***** PROVIDED MATERIAL *****

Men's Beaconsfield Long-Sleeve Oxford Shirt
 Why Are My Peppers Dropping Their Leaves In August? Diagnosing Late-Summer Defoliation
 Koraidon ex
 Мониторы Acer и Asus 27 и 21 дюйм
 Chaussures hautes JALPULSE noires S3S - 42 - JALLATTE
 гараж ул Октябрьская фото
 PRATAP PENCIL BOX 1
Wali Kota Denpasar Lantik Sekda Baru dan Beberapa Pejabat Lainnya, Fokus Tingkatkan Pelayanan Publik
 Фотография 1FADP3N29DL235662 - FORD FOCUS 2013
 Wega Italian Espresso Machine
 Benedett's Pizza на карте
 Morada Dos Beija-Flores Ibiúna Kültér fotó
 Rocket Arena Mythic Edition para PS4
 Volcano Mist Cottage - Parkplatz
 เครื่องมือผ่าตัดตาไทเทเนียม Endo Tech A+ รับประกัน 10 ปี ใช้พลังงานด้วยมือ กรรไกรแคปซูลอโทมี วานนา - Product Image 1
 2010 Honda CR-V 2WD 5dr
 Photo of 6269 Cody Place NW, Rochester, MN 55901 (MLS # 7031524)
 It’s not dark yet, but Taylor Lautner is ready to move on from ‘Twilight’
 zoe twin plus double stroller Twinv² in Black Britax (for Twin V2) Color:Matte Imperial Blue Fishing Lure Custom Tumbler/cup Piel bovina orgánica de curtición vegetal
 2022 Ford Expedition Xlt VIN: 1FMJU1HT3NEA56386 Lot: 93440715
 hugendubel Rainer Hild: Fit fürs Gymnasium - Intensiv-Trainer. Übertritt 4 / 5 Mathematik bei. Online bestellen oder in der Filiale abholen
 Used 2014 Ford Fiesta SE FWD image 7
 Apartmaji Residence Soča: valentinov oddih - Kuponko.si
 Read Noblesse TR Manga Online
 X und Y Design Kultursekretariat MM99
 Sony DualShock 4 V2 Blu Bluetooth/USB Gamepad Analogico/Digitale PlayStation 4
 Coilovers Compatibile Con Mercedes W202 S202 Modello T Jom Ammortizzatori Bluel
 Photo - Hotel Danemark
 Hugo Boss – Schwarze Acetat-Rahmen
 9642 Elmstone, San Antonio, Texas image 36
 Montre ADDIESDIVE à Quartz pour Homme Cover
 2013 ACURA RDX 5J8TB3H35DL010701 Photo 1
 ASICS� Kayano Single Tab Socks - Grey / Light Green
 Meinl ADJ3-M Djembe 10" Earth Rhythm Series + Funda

*****

== EXERCISE DETAILS ==
An exact copy of the lines above, from the one containing "เครื่องมือผ่าตัดตาไทเทเนียม Endo Tech" down to the one containing "X und Y Design Kultursekretariat MM99" and including both, is the whole answer; retype it and nothing else.

== ANSWER AREA ==
 เครื่องมือผ่าตัดตาไทเทเนียม Endo Tech A+ รับประกัน 10 ปี ใช้พลังงานด้วยมือ กรรไกรแคปซูลอโทมี วานนา - Product Image 1
 2010 Honda CR-V 2WD 5dr
 Photo of 6269 Cody Place NW, Rochester, MN 55901 (MLS # 7031524)
 It’s not dark yet, but Taylor Lautner is ready to move on from ‘Twilight’
 zoe twin plus double stroller Twinv² in Black Britax (for Twin V2) Color:Matte Imperial Blue Fishing Lure Custom Tumbler/cup Piel bovina orgánica de curtición vegetal
 2022 Ford Expedition Xlt VIN: 1FMJU1HT3NEA56386 Lot: 93440715
 hugendubel Rainer Hild: Fit fürs Gymnasium - Intensiv-Trainer. Übertritt 4 / 5 Mathematik bei. Online bestellen oder in der Filiale abholen
 Used 2014 Ford Fiesta SE FWD image 7
 Apartmaji Residence Soča: valentinov oddih - Kuponko.si
 Read Noblesse TR Manga Online
 X und Y Design Kultursekretariat MM99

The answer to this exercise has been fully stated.